• **Data**:
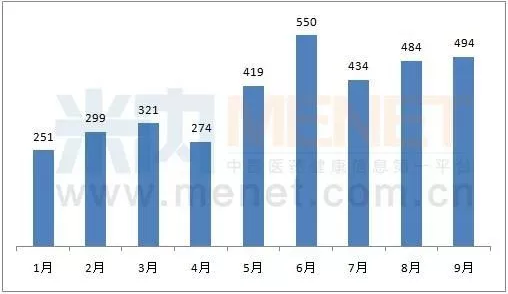 yy易游(中国)体育-米乐官方网站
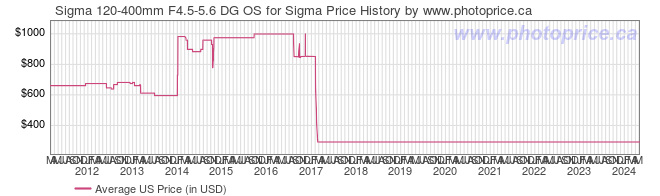 US Price History Graph for Sigma 120-400mm F4.5-5.6 DG OS for Sigma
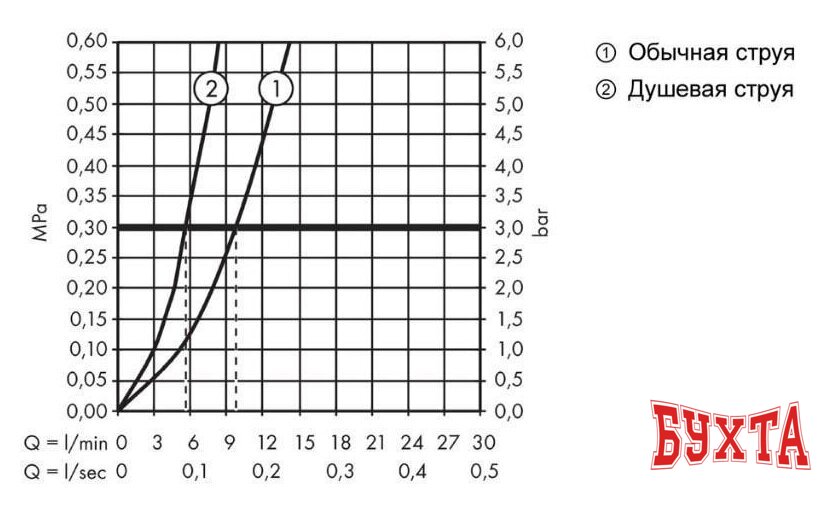 Смеситель Hansgrohe Focus M41 73880000 (хром) 3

• **Your goal**: With the pictures left out, write out all of the data exactly.

• **Reply to the task**:
 yy易游(中国)体育-米乐官方网站
 US Price History Graph for Sigma 120-400mm F4.5-5.6 DG OS for Sigma
 Смеситель Hansgrohe Focus M41 73880000 (хром) 3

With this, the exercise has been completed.